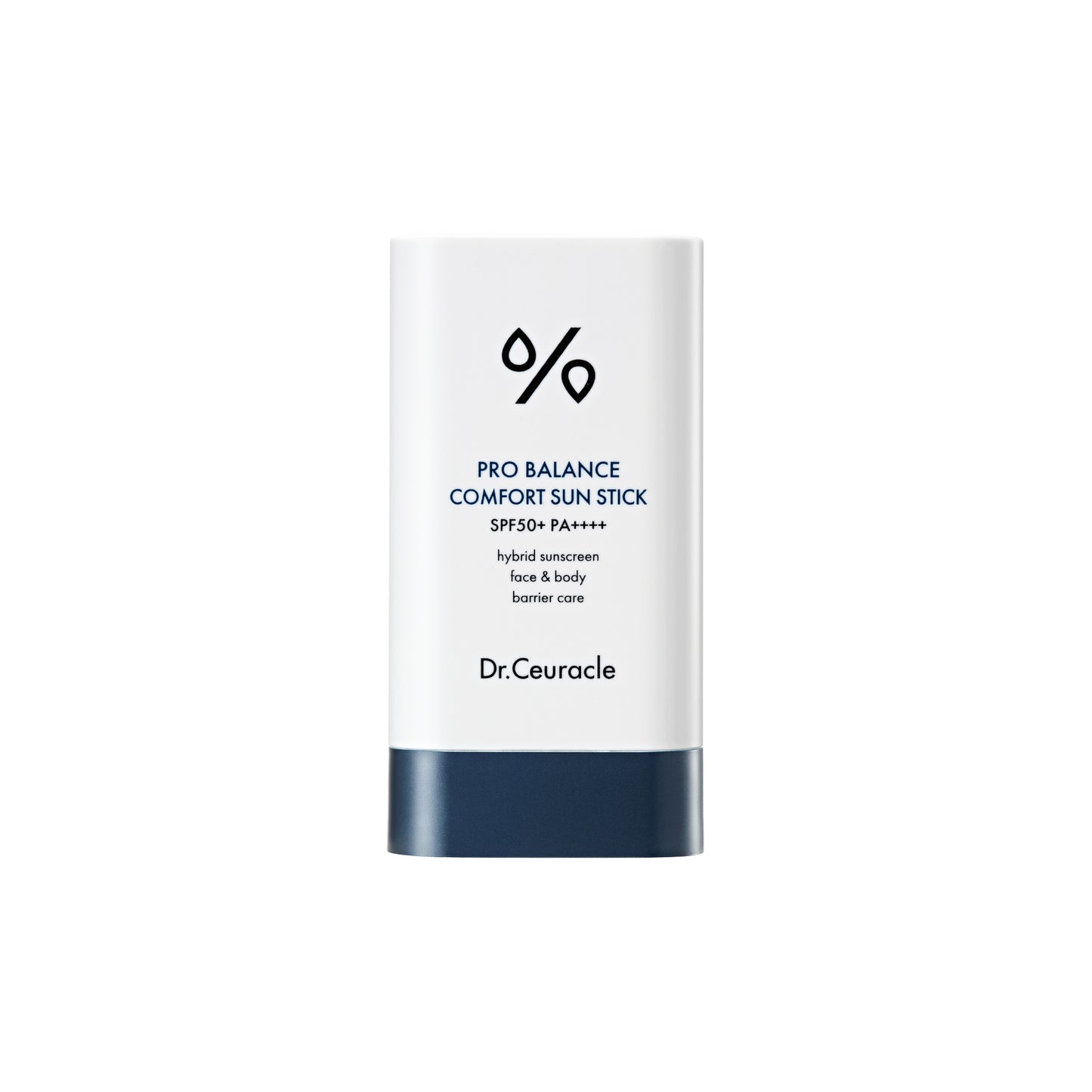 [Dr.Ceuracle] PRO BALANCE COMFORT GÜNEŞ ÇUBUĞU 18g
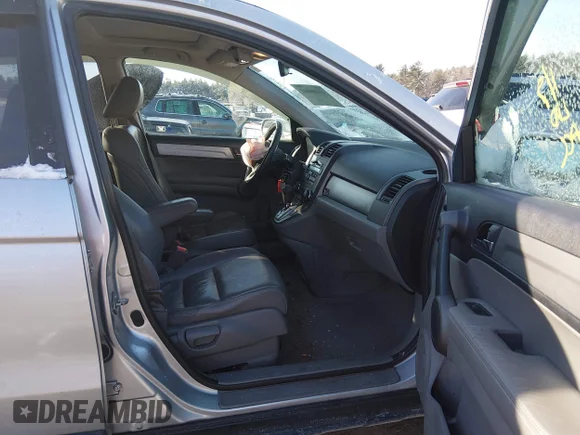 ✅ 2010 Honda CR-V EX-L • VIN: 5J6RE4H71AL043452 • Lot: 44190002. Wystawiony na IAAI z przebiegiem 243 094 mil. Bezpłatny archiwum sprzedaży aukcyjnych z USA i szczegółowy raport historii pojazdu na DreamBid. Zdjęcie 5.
* * *
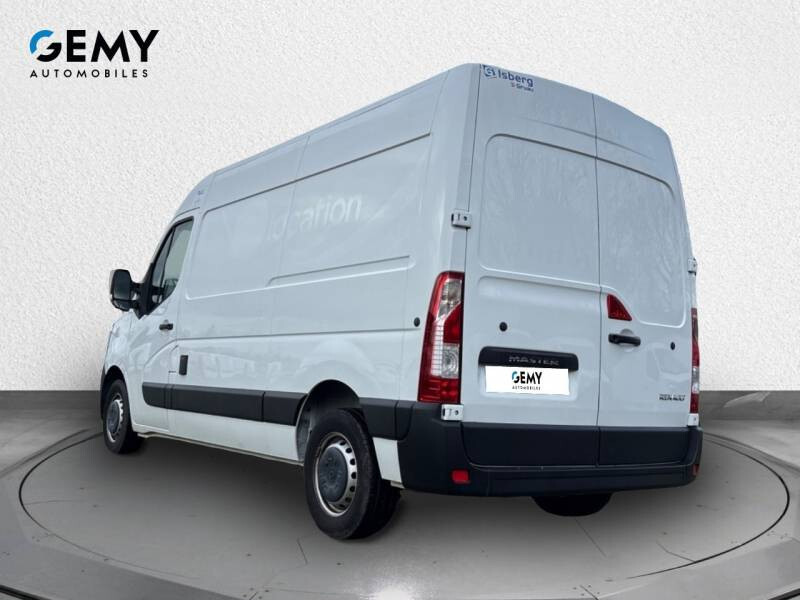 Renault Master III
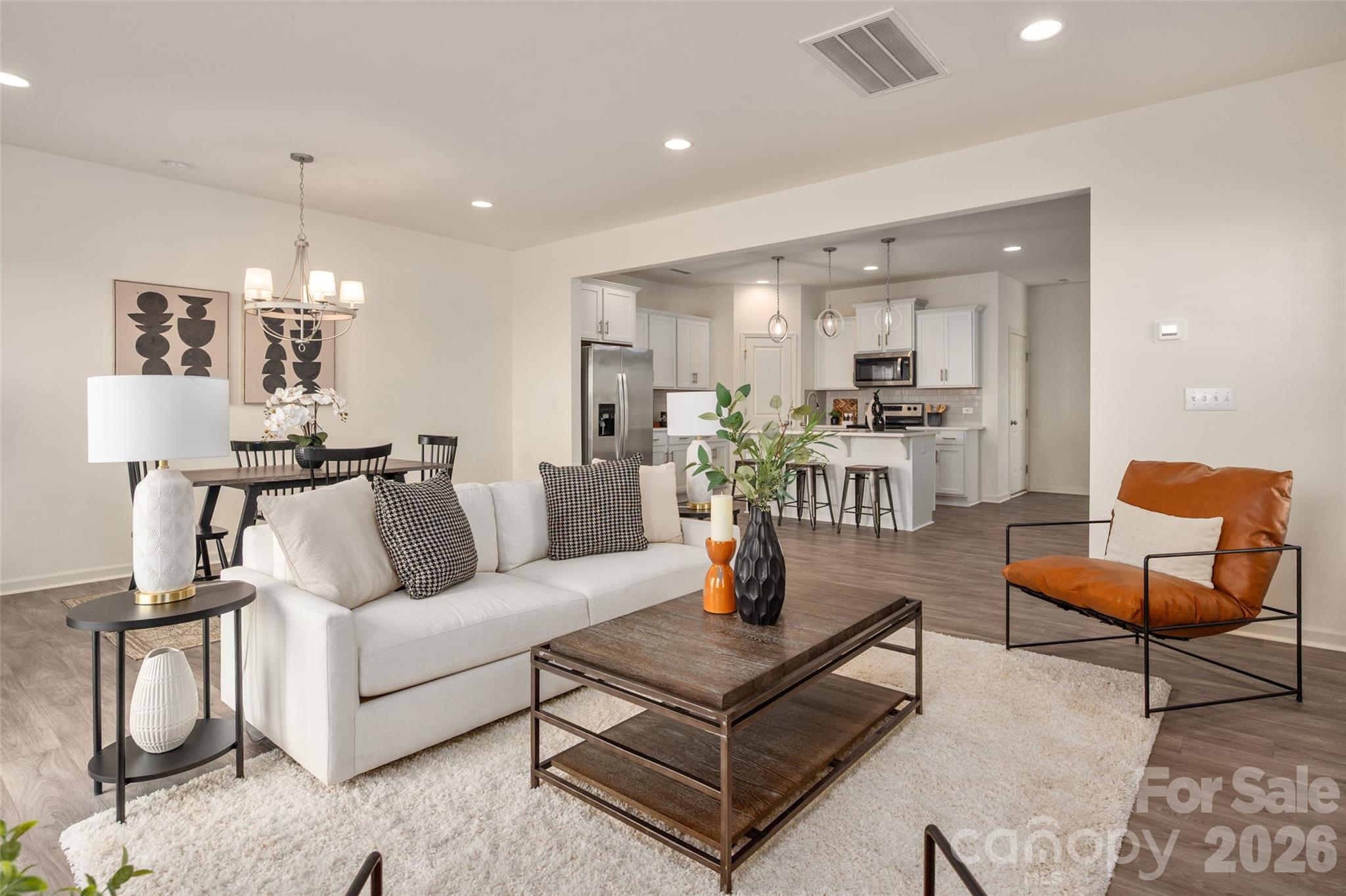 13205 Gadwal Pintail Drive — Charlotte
* * *
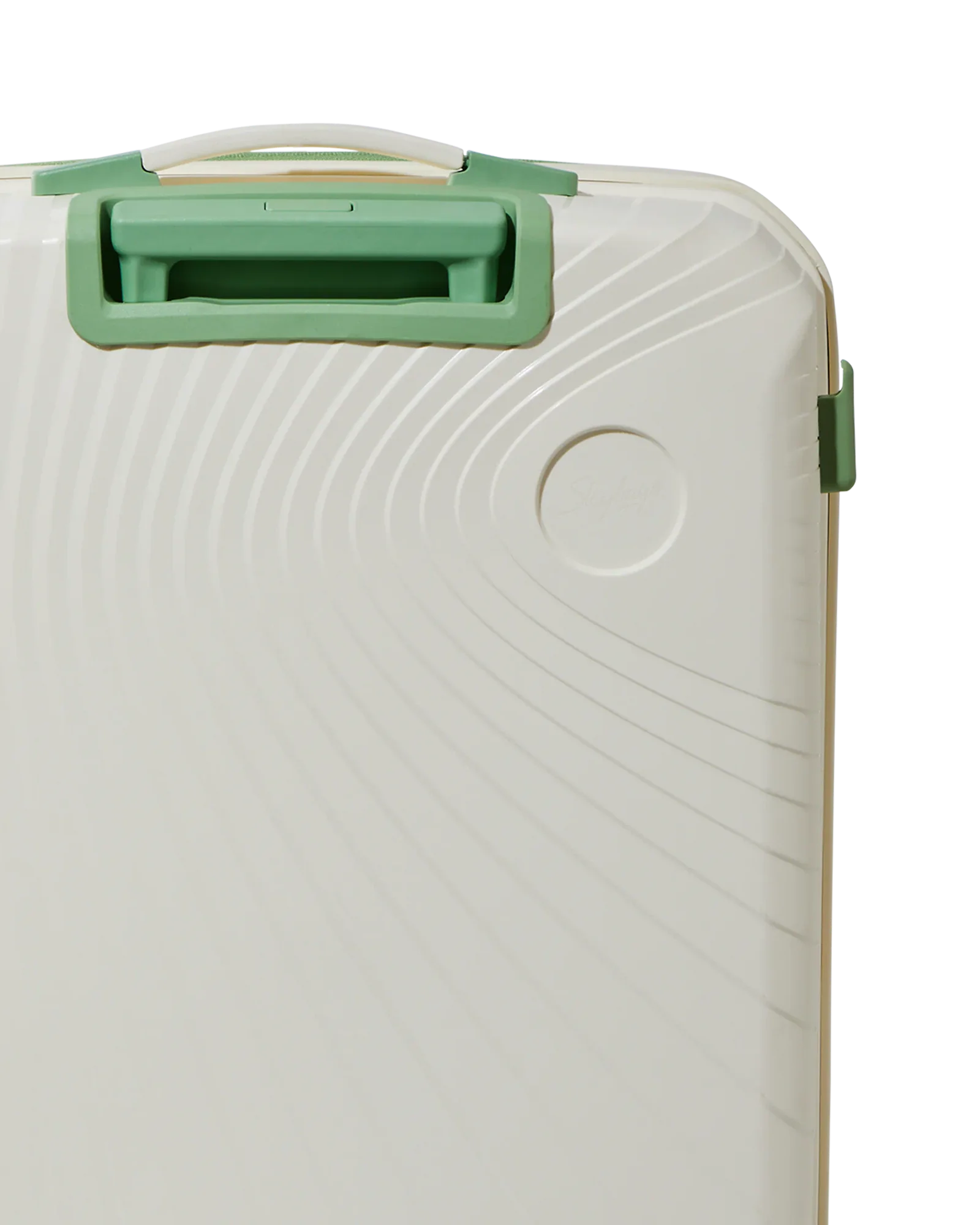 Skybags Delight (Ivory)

### [PROBLEM TO WORK ON]
Give again the stretch of the entries above that begins at the line with "[Dr.Ceuracle] PRO BALANCE" and ends at the line with "DreamBid. Zdjęcie 5.", word for word, with no pictures.

### [ANSWER BOX]
 [Dr.Ceuracle] PRO BALANCE COMFORT GÜNEŞ ÇUBUĞU 18g
 ✅ 2010 Honda CR-V EX-L • VIN: 5J6RE4H71AL043452 • Lot: 44190002. Wystawiony na IAAI z przebiegiem 243 094 mil. Bezpłatny archiwum sprzedaży aukcyjnych z USA i szczegółowy raport historii pojazdu na DreamBid. Zdjęcie 5.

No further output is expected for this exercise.